A recent study confirms the new trend in feminist reggaeton music
The study, led by researchers from the Universitat Rovira i Virgili, analyzes the new trend in this genre, which has traditionally been considered sexist
Credit: Tremenda Jauría
Reggaeton has traditionally been considered as a sexist music genre and the lyrics and choreographies usually associated with it are seen as a way of promoting the objectification of women. This trend is losing popularity due to the recent appearance of young women who have changed these sexist messages through lyrics with a feminist message. This phenomenon has been the core of an investigation led by researchers from the Department of Communication Studies of the Universitat Rovira i Virgili, and with the collaboration of the Universitat Pompeu Fabra, who have studied the presence of popular feminism in the music that these women write and perform. The study of three specific musical projects proves that it is possible to bring a new meaning to sexist musical genres.
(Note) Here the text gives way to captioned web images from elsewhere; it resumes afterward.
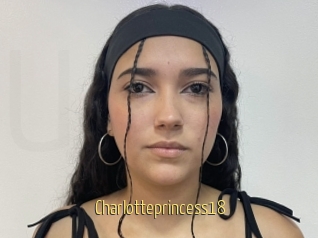 Charlotteprincess18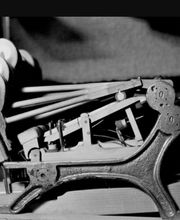 Piano e Forte Bild 1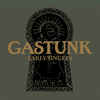 GASTUNK[?RLY SINGLES[?SHM-CD EDITION[? [WPbgdl] [SHM-CD]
With the title “Feminist Reggaeton in Spain: young women subverting machismo through perreo”, this study analyses three female reggaeton projects, such as the hit “Lo malo”, adapted for Brisa Fenoy and popularized by the talent show Operación Triunfo, and the music of Tremenda Jauría and Ms Nina. These are feminist music projects that use the typical reggaeton style as a parody and as a way to criticise everything they dislike about this musical genre and about society, and it is becoming a tool for feminist vindication and redefinition of the genre.
The study shows how these three creative projects not only use the lyrics of their songs as a way to promote the feminist ideas of the artists, but also how this music coexists with other digital tools to promote themselves through social networks and to spread the messages that their lyrics want to get across. This was reflected for instance in the feminist demonstrations that took place in different parts of Spain on 8 March 2018. Here many people who were demonstrating carried signs with messages taken from the lyrics of these songs –such as “I decide when, where and with whom”– to show their support for equal rights and their firm stance against sexist violence.
These lyrics support a vision of freedom in matters of gender and sexuality, as they vindicate the individual freedom of women and root for women’s empowerment. The musical projects that were studied also reflect the desire to provide a new meaning to the body movement associated with reggaeton, known as perreo, which is now associated with the choice of women to dance freely because it makes them feel attractive, instead of being a symbol of their submission to men.
The investigation is led by researchers Nuria Araüna and Yolanda Tortajada, from the Department of Communication Studies of the URV, and the project is part of the R&D project “Respect: youth production and use in social networks and gender inequality,” led by Yolanda Tortajada. The investigation is part of the study of the ASTERISC research group, and it has been published in the indexed magazine Young, from publishing house SAGE. The work will be printed in a special issue of the magazine on youth, music and crisis edited by UPF researchers Paula Guerra and Carles Feixa.